Unfortunately, difficulties arise in driving time-dependent coronal magnetic field simulations from SFT models with data assimilation. In such simulations, the required photospheric boundary condition is the tangential electric field \({\mathbf{E}}_{h}\), not simply \(B_{r}\). In the classical SFT model, the natural electric field would be

$$ {\mathbf{E}}_{h} = -{\mathbf{u}}\times{\mathbf{B}} + \eta \nabla \times{\mathbf{B}} + { \mathbf{E}}_{S}, $$
(61)

where \({\mathbf{E}}_{S}\) accounts for the source term (i.e., \(-{\mathbf{e}}_{r}\cdot \nabla \times{\mathbf{E}}_{S} = S\)). When \(S\) comprises individual active regions that have no net magnetic flux, a well-behaved electric field can be determined (e.g., Yeates and Bhowmik 2022).

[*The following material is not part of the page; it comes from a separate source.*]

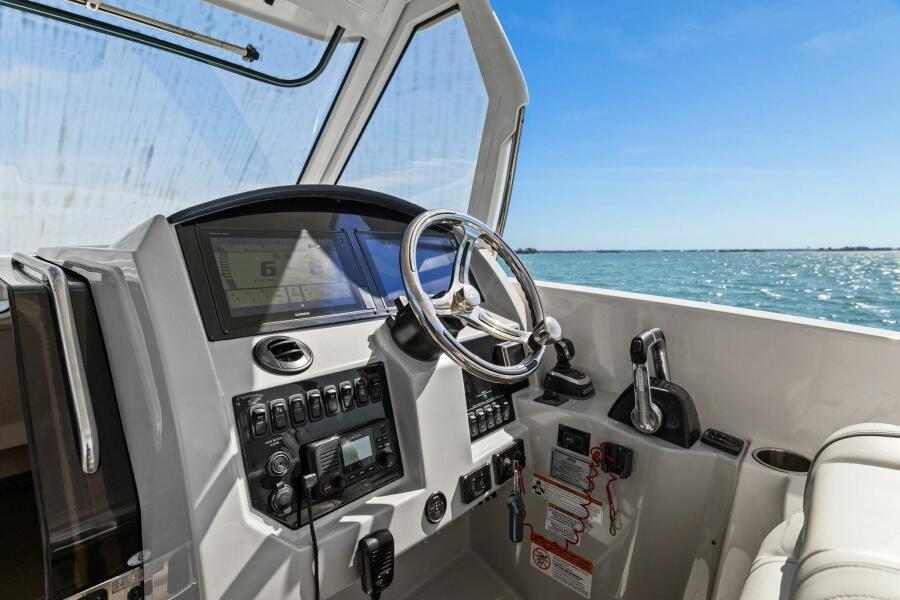 33' 2020 Regal 33 SAV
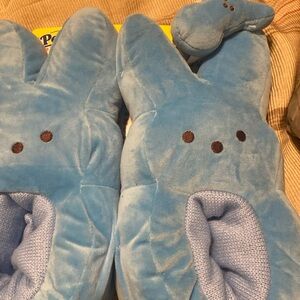 Peeps slippers nwt kids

But if the magnetic flux is unbalanced over a larger region then it is impossible to find a localized \({\mathbf{E}}_{S}\) as would be expected from Ohm’s Law (Yeates 2017). This can be a problem when observed magnetograms are incorporated directly, particularly when active regions straddle the edge of the assimilation region so that only one polarity is included. If the flux imbalance is corrected by spreading it over the full Sun, the resulting spurious electric fields lead to generation of significant spurious electric currents in time-dependent coronal simulations (Weinzierl et al. 2016). Of course, this problem is not restricted to data assimilation, but could arise from the use of any unbalanced source term.

In practice the simplest way to ensure flux balance is to rephrase the right-hand side of equation (5) as \(-{\mathbf{e}}_{r}\cdot \nabla \times{\mathbf{E}}_{h}\), then apply a “constrained transport” discretization with a staggered mesh (Yee 1966). Here \(E_{\theta}\) and \(E_{\phi}\) are defined at cell edges, and \(B_{r}\) at cell centres. Such a numerical scheme is used, for example, by Yeates (2014). When assimilating magnetograms into the SFT model in this framework, one would estimate \({\mathbf{E}}_{h}\) from the observed front-side evolution. In the case of a flux imbalance, this would automatically create a balancing polarity just outside the observed region, minimizing disruption to the global topology of the coronal magnetic field. However, it remains the case that systematic errors in observed magnetograms, especially centre-to-limb variations of the errors, are not well understood. A better understanding of these errors will require forward modelling with radiative MHD and Stokes polarimetric inversions.

A final remark is that the simplified decay term \(B_{r}/\tau \) from Sect. 5.1 may also be written as the curl of an electric field. In particular, we would need \({\mathbf{e}}_{r}\cdot \nabla \times{\mathbf{E}}=B_{r}/\tau \). For example, writing \({\mathbf{E}}=-\nabla \times (\Psi{\mathbf{e}}_{r})\), we could determine \(\Psi \) and hence \({\mathbf{E}}\) by solving the Poisson equation

$$ \nabla _{h}^{2}\Psi = \frac{B_{r}}{\tau }, $$
(62)

which has a unique solution on the sphere since \(\int _{S}B_{r}\,\mathrm{d}S=0\). Of course, this does not mean that this approximation is a good representation of the real radial diffusion term (45); for example, this particular \({\mathbf{E}}\) will not be localized to the active region itself.